The young Charab steadied his breath, drew back the bowstring, and released the arrow, watching it thud into the center of the target. Smoothly, he drew another arrow from his quiver and turned his body fractionally for a better aim at the next target.
Then he stopped and lowered his bow.
Behind him, his village was silent as a grave. Strangest of all, no sounds carried from the boys’ training turf. No clunk of wooden swords. No elders’ berating voices.

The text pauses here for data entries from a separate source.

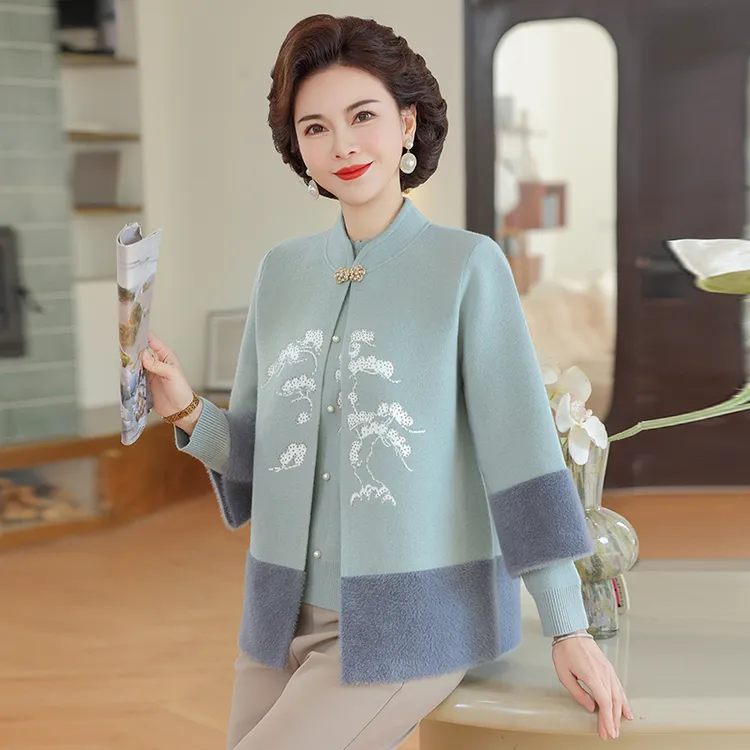 妈妈套装秋装两件套新款上衣春秋外套洋气中老年女装衣服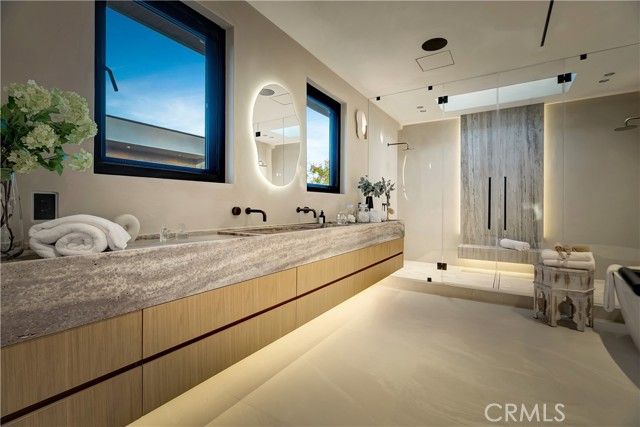 13221 Hesby, Sherman Oaks, CA 91423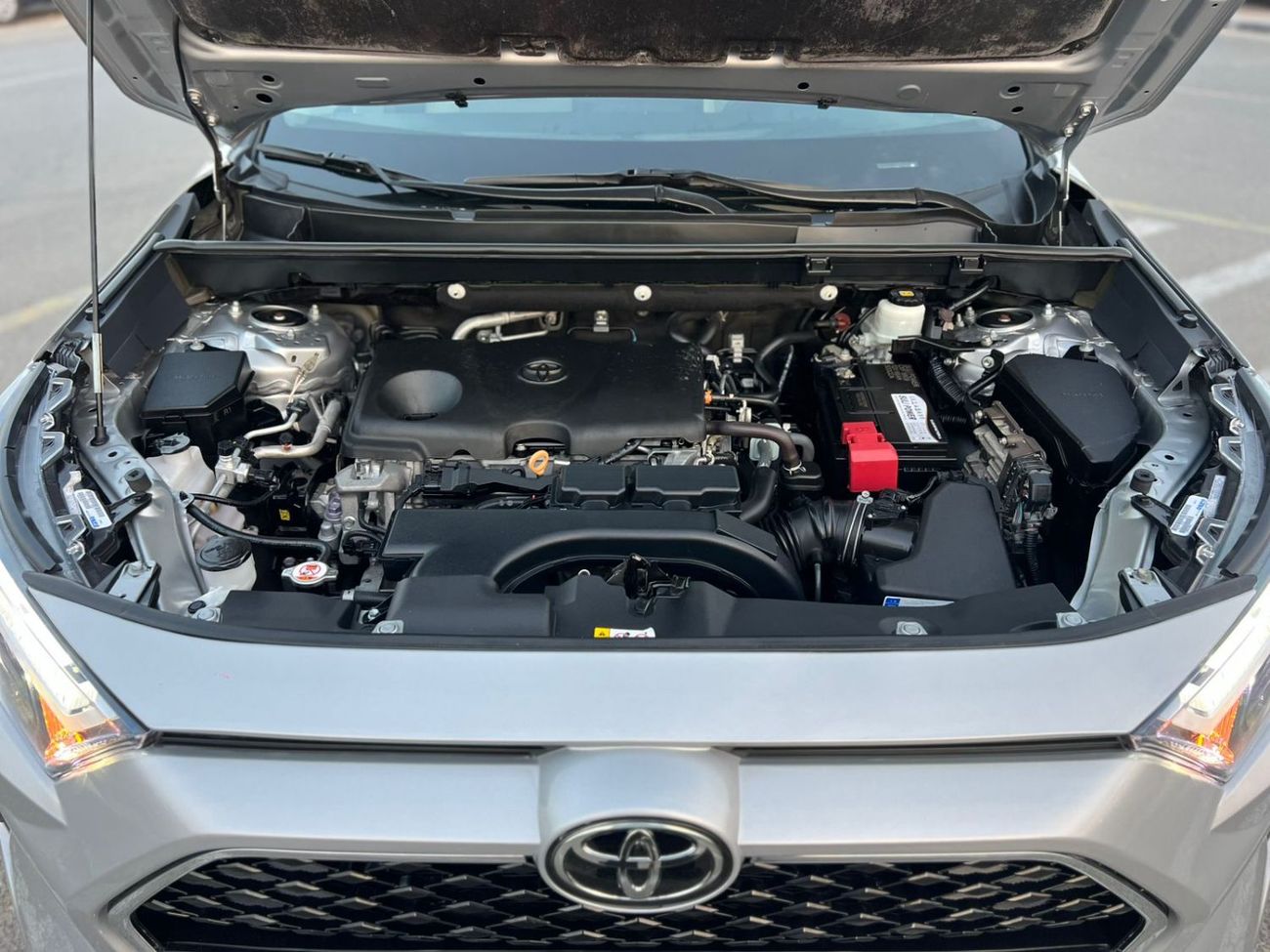 Toyota RAV4 2021 Toyota Rav4 XLE  - 2.5L V4 With Radar - Rear Camera - Leather Seats -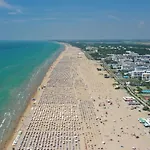 Relax Just 150mt From The - Beahost * Bibione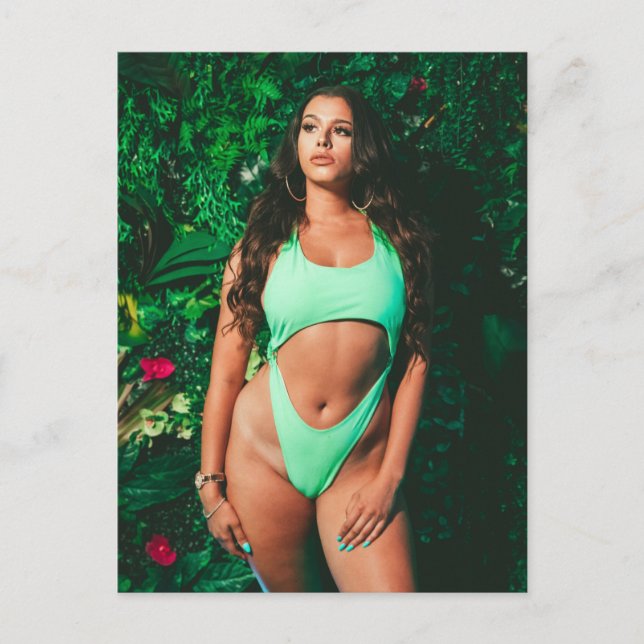 Hermosa tarjeta postal modelo bikini verde menta (Anverso)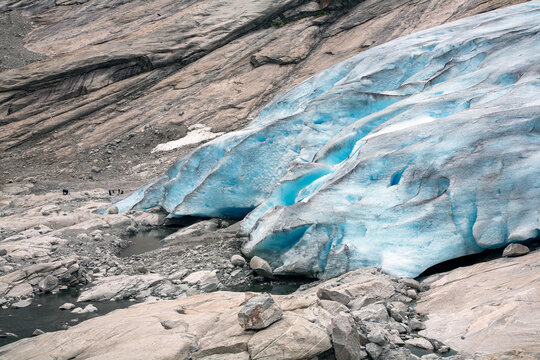 Die m&auml;chtige Gletscherzunge des Nigardsbreen Gletschers, Norwegen, mit kleiner Gruppe von Gletscherwanderern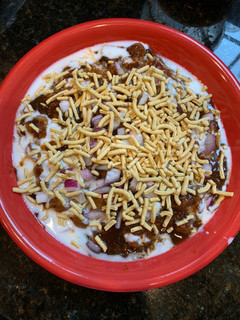 A picture of Chatpata aloo chaat.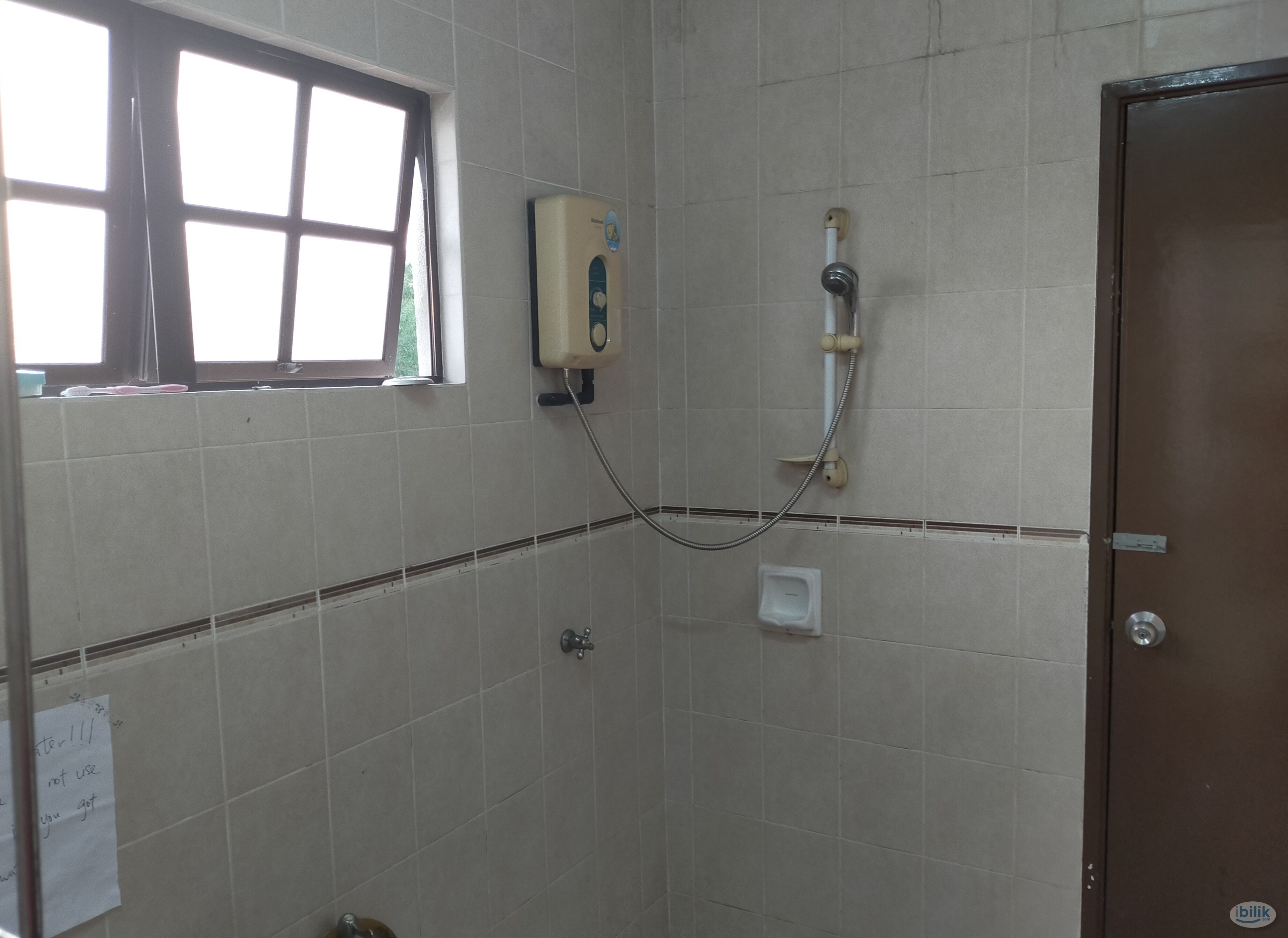 Middle Room Rent with Attached bathroom 🚽 in Bandar Puteri, Puchong near LRT Station - Image 1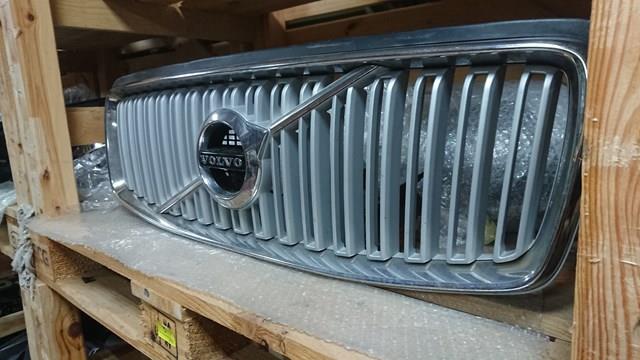32365370 Volvo Решітка радіатора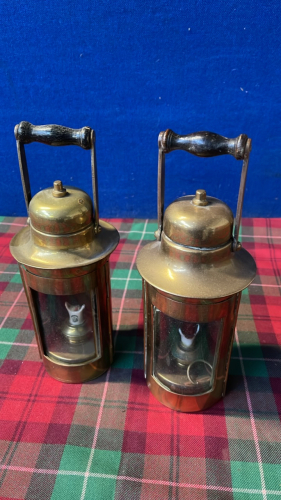 BOX 2 BRASS LAMPS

The Charab swung the bow across his shoulder and bounded across the boulders to a point above the sandy turf. As he looked across to the training field, he saw that the constant dance of thrust and parry had ceased and that the elders and boys stood motionless, staring upwards.
He followed their gaze and took in a sharp breath of wonder at the rainbow circle—beautiful and otherworldly—in the sky. The elders claimed such sky omens warned of approaching battles or deaths of kings or even power shifts in other realms. The young Charab had never paid much heed to their foretellings. The pain of the people he was destined to lead would not lessen with such events. Approaching battles did not frighten them. On the death of one king, an equally brutal one was sure to rise to power. And he suspected that the Charab people had long been forgotten in other realms.
Even if they were still remembered, he doubted that a shift there could undo what held the Charab captive here.
The ancient curse that bound his people to Taus could never be broken.